Task goal:
Without the pictures, set down exactly the lines from the one that contains "Moraes manda Brazão" to the end of the entries, both included, and nothing besides.

Input data:
● ● ●
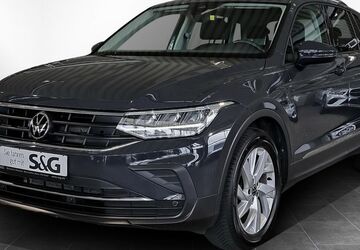 VW Tiguan 87.850 km 22.870 &euro; Karlsruhe 76185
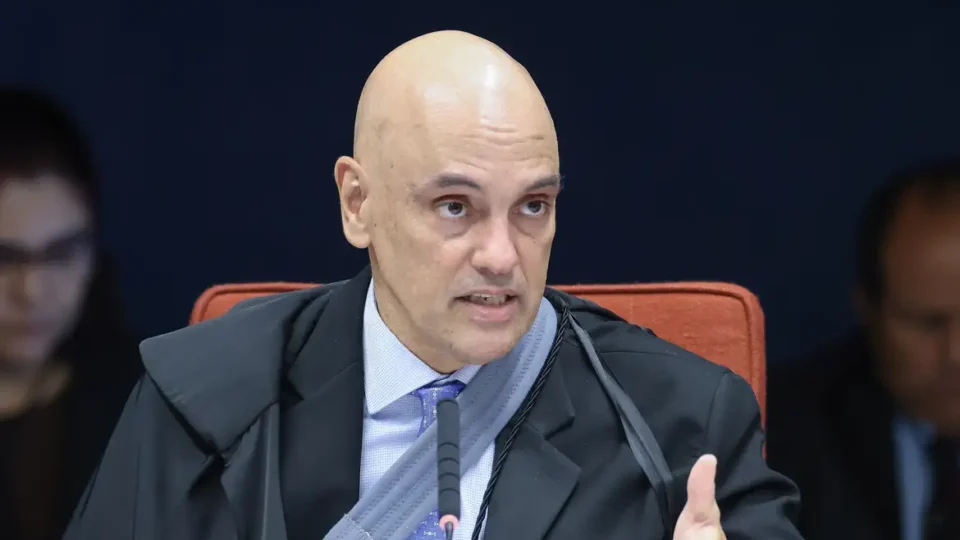 Moraes manda Brazão esclarecer violação da regra de prisão domiciliar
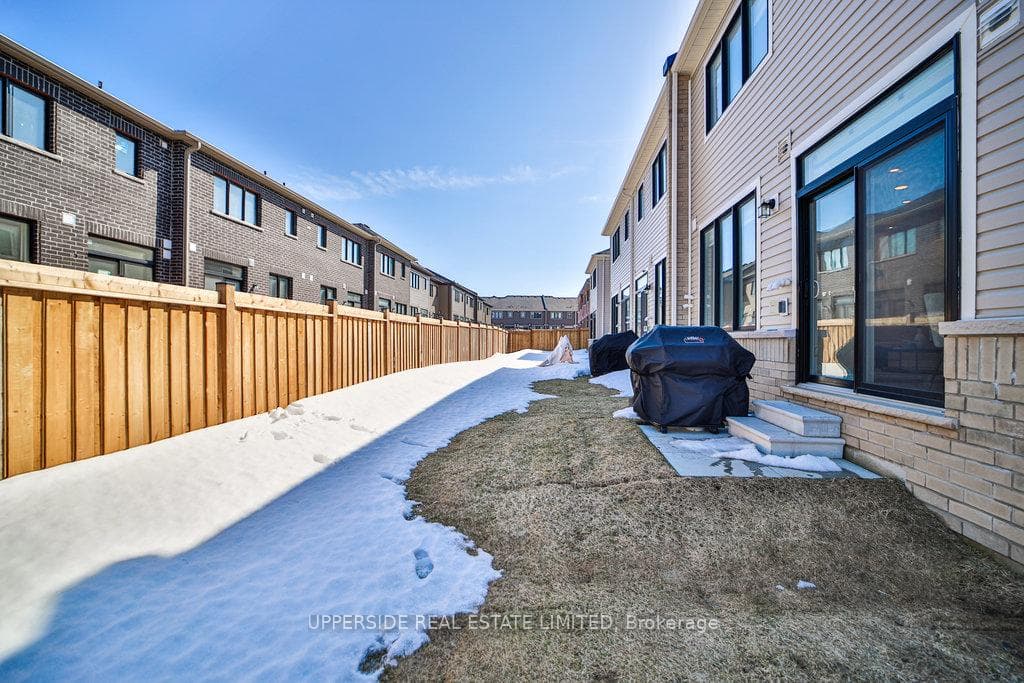 7 Milady Crescent photo 40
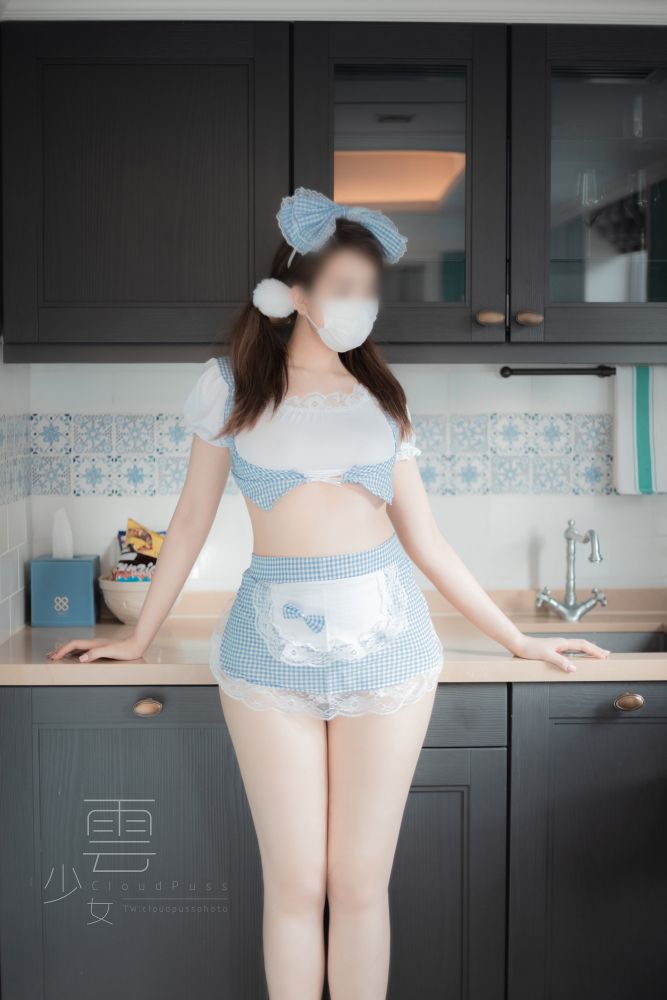 Cloud Girl Photograph Write SS.VI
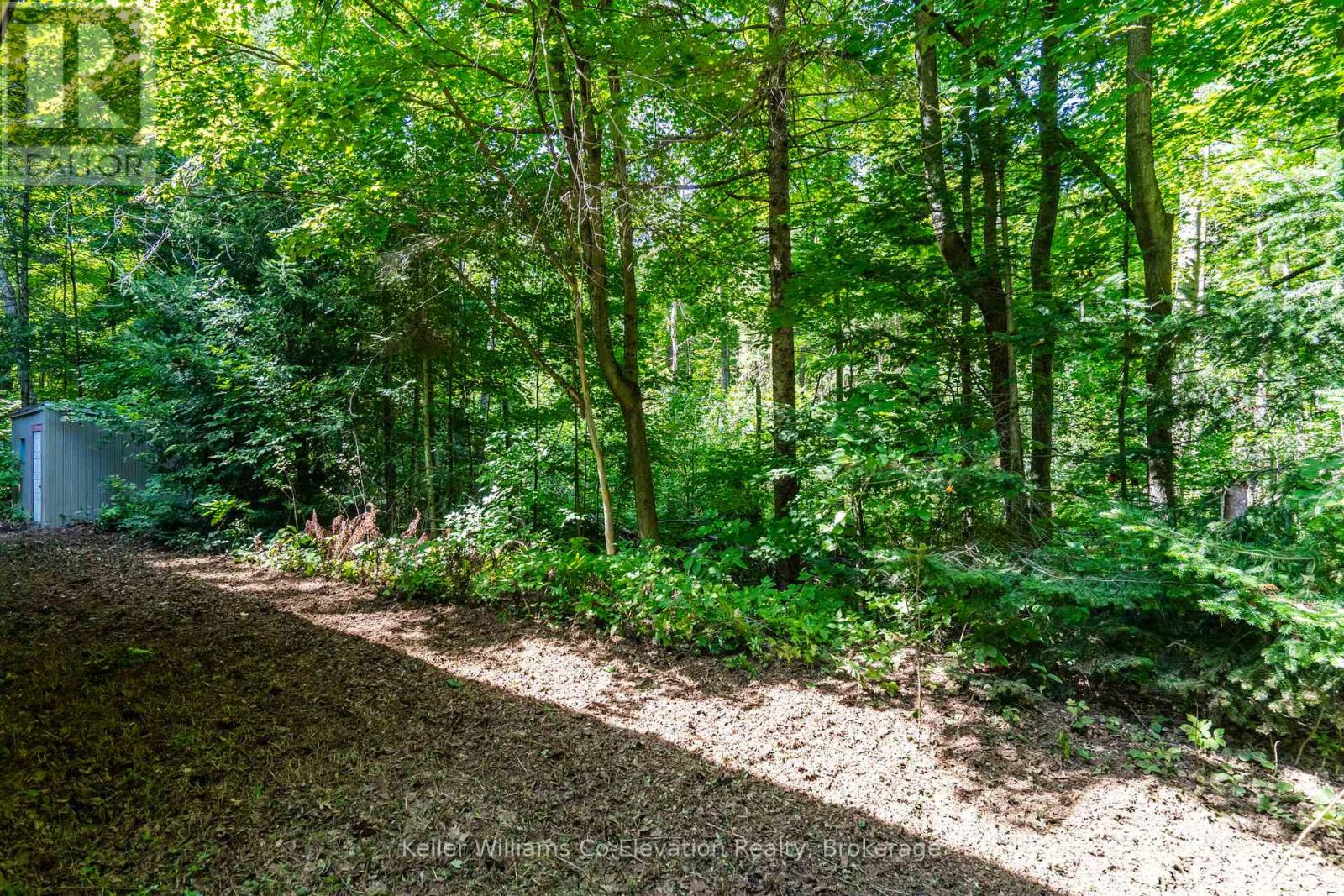 Photo 26 of 35 Crooked Creek Crescent, Tiny ON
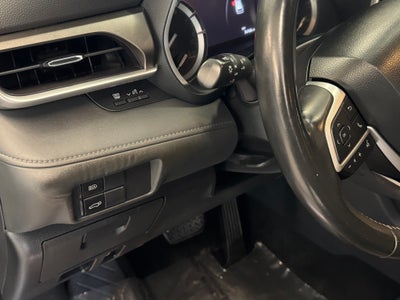 2022 Toyota Highlander XLE AWD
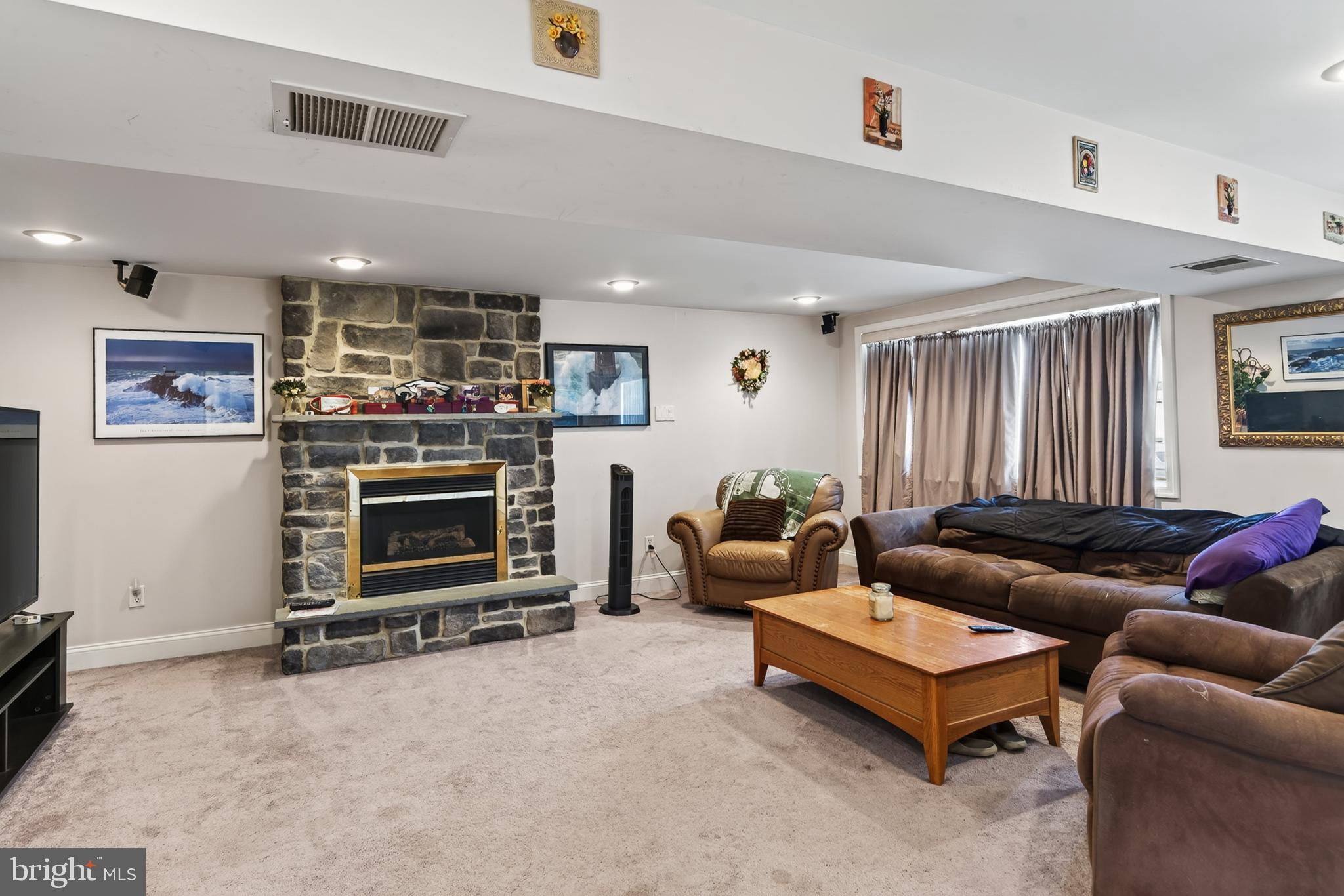 LAWRENCE PARK - Residential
● ● ●
Solved problem:
 Moraes manda Brazão esclarecer violação da regra de prisão domiciliar
 7 Milady Crescent photo 40
 Cloud Girl Photograph Write SS.VI
 Photo 26 of 35 Crooked Creek Crescent, Tiny ON
 2022 Toyota Highlander XLE AWD
 LAWRENCE PARK - Residential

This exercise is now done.